*WHAT TO DO:* The job is to find each line in the entries holding the string "Size" and copy that line.
**** DATASET CONTENT ****
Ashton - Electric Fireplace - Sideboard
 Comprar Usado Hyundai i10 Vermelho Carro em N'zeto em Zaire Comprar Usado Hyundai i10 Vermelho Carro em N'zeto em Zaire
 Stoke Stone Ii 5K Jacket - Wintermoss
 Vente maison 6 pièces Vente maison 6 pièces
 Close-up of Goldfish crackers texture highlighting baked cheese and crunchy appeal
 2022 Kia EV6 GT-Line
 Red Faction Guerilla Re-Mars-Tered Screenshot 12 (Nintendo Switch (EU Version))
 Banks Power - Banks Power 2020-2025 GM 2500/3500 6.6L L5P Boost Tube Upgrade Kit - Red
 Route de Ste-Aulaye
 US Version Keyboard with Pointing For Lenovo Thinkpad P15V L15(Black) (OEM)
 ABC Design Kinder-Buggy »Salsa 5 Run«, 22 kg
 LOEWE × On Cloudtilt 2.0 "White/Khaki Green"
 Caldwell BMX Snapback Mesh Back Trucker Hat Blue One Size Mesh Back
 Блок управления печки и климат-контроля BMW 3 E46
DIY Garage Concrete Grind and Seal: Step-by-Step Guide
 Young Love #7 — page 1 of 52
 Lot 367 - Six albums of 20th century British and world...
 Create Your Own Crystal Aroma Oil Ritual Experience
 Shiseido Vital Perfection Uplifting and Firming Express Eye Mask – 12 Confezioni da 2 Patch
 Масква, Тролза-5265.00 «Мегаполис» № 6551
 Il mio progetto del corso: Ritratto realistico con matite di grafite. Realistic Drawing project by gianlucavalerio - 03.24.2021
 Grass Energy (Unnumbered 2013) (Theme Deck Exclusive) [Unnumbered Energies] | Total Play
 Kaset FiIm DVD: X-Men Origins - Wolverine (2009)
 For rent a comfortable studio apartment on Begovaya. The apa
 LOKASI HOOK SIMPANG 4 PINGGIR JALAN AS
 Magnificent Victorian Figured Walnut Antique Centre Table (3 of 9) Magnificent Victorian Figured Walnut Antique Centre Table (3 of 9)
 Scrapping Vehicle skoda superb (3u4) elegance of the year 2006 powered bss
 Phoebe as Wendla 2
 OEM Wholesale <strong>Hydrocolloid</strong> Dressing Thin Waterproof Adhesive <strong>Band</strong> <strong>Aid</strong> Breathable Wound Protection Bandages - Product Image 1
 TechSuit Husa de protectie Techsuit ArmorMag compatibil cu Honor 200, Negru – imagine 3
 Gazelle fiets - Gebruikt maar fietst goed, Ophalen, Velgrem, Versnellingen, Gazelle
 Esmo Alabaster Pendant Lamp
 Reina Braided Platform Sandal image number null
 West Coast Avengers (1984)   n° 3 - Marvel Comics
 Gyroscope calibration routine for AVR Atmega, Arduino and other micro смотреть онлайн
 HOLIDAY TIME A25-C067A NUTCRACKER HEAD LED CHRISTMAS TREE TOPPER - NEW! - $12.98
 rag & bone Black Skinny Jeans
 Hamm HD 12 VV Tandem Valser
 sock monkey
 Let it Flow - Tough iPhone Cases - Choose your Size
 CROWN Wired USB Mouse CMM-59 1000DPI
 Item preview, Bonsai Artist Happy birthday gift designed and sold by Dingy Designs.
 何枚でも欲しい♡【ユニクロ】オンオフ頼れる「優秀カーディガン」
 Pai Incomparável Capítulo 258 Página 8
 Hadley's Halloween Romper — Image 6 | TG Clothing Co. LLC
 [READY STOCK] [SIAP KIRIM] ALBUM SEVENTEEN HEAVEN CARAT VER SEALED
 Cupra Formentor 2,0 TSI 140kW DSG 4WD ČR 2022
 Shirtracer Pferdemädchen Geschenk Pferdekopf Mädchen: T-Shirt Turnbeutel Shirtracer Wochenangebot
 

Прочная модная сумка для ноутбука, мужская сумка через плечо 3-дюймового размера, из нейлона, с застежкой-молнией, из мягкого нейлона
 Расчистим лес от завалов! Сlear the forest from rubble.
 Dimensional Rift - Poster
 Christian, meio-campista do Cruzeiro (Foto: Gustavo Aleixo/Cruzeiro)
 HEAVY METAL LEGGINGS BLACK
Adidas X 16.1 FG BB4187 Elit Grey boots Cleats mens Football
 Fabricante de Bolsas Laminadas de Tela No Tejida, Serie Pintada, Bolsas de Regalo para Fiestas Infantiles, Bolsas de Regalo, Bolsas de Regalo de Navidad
****
*SOLUTION BELOW:*
 Caldwell BMX Snapback Mesh Back Trucker Hat Blue One Size Mesh Back
 Let it Flow - Tough iPhone Cases - Choose your Size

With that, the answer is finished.